** RECORDS SHOWN follows **

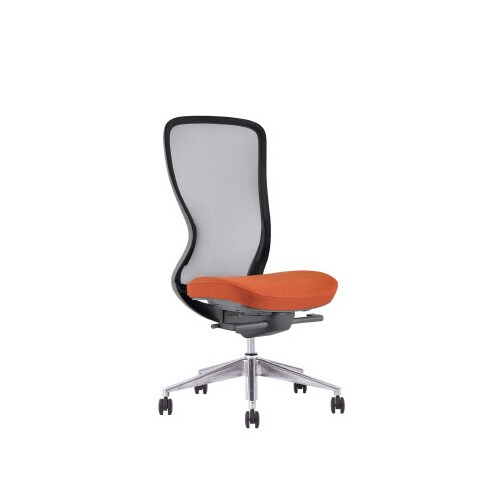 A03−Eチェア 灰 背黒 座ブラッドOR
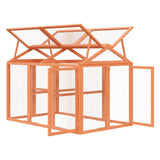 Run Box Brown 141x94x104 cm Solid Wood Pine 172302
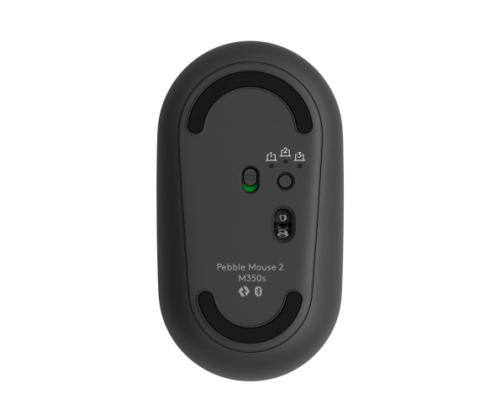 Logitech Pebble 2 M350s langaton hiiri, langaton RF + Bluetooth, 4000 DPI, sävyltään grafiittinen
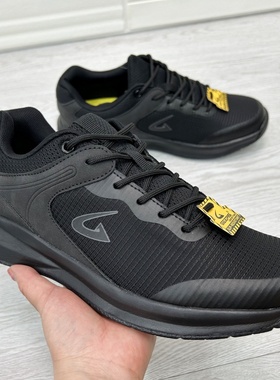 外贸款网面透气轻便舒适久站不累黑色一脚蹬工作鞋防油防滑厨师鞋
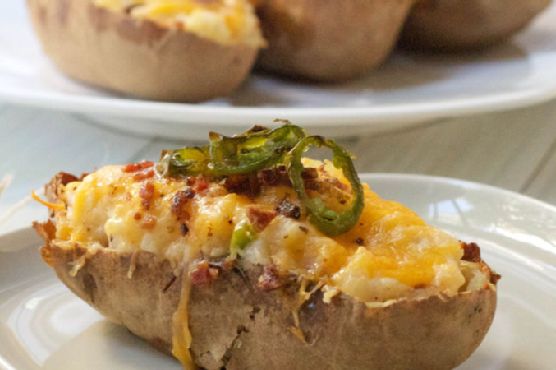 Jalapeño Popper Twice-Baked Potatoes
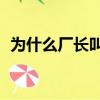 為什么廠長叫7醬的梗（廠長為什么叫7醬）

** End of RECORDS SHOWN **
** RECORDS SHOWN follows **

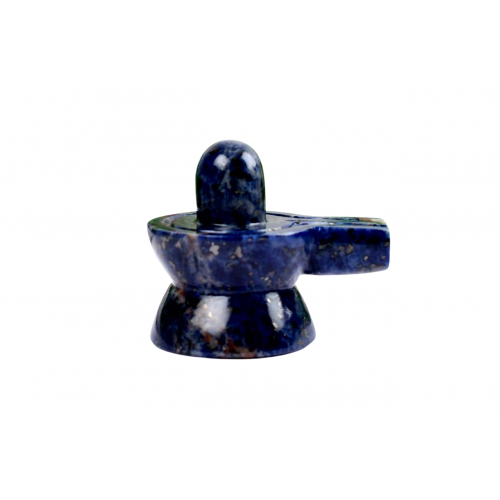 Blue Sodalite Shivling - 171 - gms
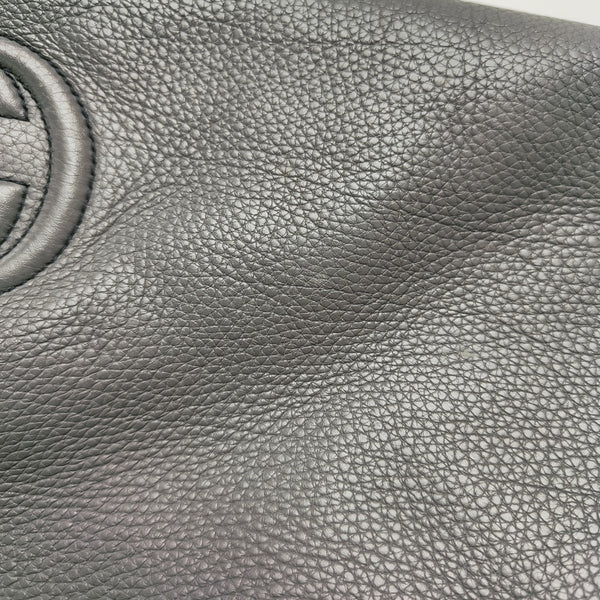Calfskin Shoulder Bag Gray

** End of RECORDS SHOWN **
** RECORDS SHOWN follows **

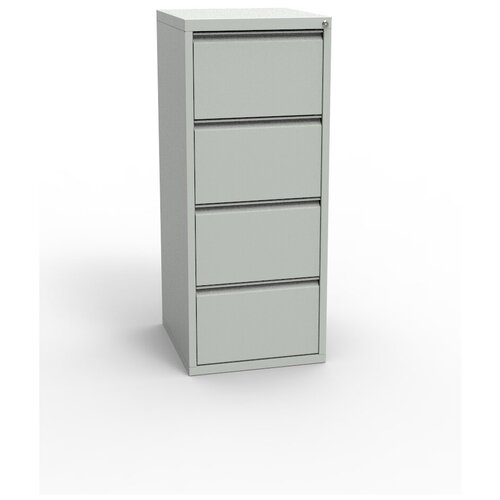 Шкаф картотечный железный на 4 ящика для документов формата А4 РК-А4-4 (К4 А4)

** End of RECORDS SHOWN **

◆ **EXERCISE**:
From the records above, give again only the part that opens with the line containing "A03−Eチェア 灰 背黒 座ブラッドOR" and closes with the line containing "為什么廠長叫7醬的梗（廠長為什么叫7醬）". Keep both ends but drop the pictures.

◆ **WRITTEN SOLUTION**:
 A03−Eチェア 灰 背黒 座ブラッドOR
 Run Box Brown 141x94x104 cm Solid Wood Pine 172302
 Logitech Pebble 2 M350s langaton hiiri, langaton RF + Bluetooth, 4000 DPI, sävyltään grafiittinen
 外贸款网面透气轻便舒适久站不累黑色一脚蹬工作鞋防油防滑厨师鞋
 Jalapeño Popper Twice-Baked Potatoes
 為什么廠長叫7醬的梗（廠長為什么叫7醬）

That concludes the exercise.